Here are Insley’s top tips for selecting a vacuum pump for your trucks:
1. Consider performance
“I think we have every pump ever made,” Insley says. In terms of performance, she specifically looks for speed of use, as well as proper suction.
When shopping for pumps, the Insleys especially look for flex couplings (or flex gears) to help performance. “The flex gear technology is very smart,” she notes.
According to Insley’s husband, Mark, the couplings, which use a rubber (EPDM), neoprene or Hytrel sleeve, have exceptional torsional flexibility. “Their four-way flexing action absorbs virtually all types of shock, misalignment and end float,” he says. “With these types of couplings, the need for lubrication and maintenance is eliminated. As a result, these couplings provide clean, dependable and quiet performance.”
2. Size matters
Yes, size matters. With vacuum pumps, a larger pump will not really help you work faster or pump much quicker. You’re not going to put a 450 to 500 cfm pump on a 2,500-gallon tank. Get the pump that best fits the size of your tank. Here are some guidelines for good pump/tank combinations:
Manufacturers will provide specific pump recommendations based on the size of your tank. They’ll also need to know the pump application, if you’ll be using it to pump septic tanks or portable restrooms, and how long the pump will be running on average.
3. Don’t overlook maintenance
“Like any piece of equipment, if you maintain it properly, it’s going to give you a better life,” Insley says. So, no matter which pump you select, be sure to maintain it regularly to ensure a long life. A-OK and its drivers develop a well-rounded understanding of the pump and its quirks to safeguard against mishaps.
Learn to respect your equipment; longevity will differ if you use your pumps on heavy routes and the pump is constantly running. It will also depend on whether you are pumping septic tanks or portable restrooms.
“Your pump is just as important as your motor on your truck,” she says. As you run down your maintenance checklist, don’t overlook things like checking and filling the oil on the pump.
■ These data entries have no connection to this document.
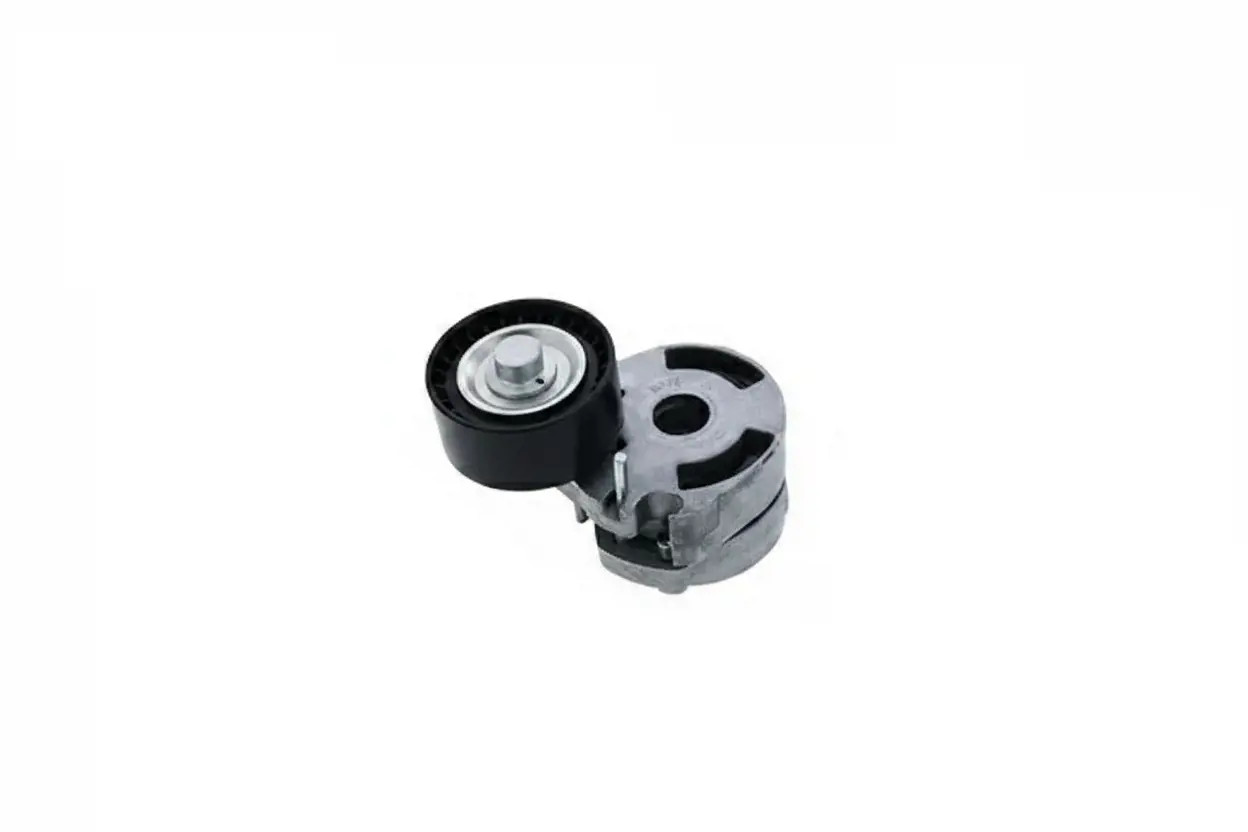 SNR GA359.11 Rullo Tendicinghia - Immagine 2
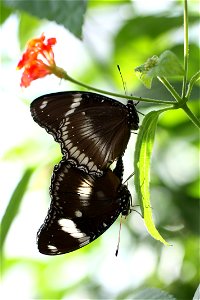 Hypolimnas bolina qui s'accouplent, photographiés dans une serre du Jardin botanique de Montréal.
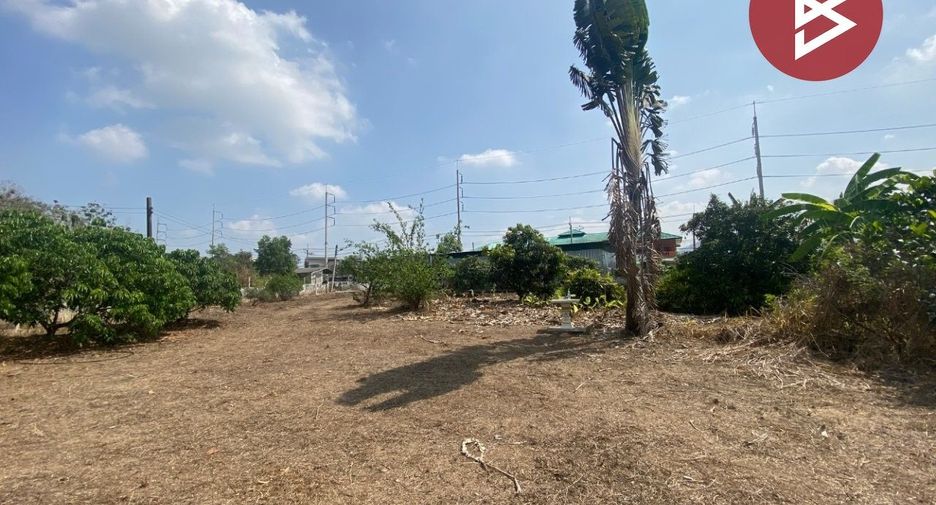 For sale land in Nong Yai, Chonburi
The Insleys rebuild their pumps regularly, usually in winter, changing out the bearings and other parts pervasive to wear. “We try to do a preventive maintenance program,” she says, noting that some contractors wait until pumps break down before rebuilding, which can bring work to a standstill if a replacement pump is not on hand.
4. Do some research
It might seem like common sense, but research is essential to choosing the right pump for your business. The Insleys purchased an existing business, so they inherited vacuum pumps — and learned quickly which ones they liked and which ones were “problem children.”
Check out trade magazines and catalogs, but also speak with others in the business to find out what works for them and which brands they recommend.
Contractors outside your direct service area are usually more likely to share personal experiences because you’re not competing for business, says Insley. “When I talk to people, they’re always open to talk about the good and the bad; I’ve learned so much from fellow pumpers,” she says. “They really are your best resource.”
5. Respect brands and reputation
Insley says her company usually sticks with the same two brands of vacuum pumps because it makes ordering replacement parts easy. If you have a brand that works well for you, brand loyalty can pay off. But there can also be value in diversification, especially with a large fleet.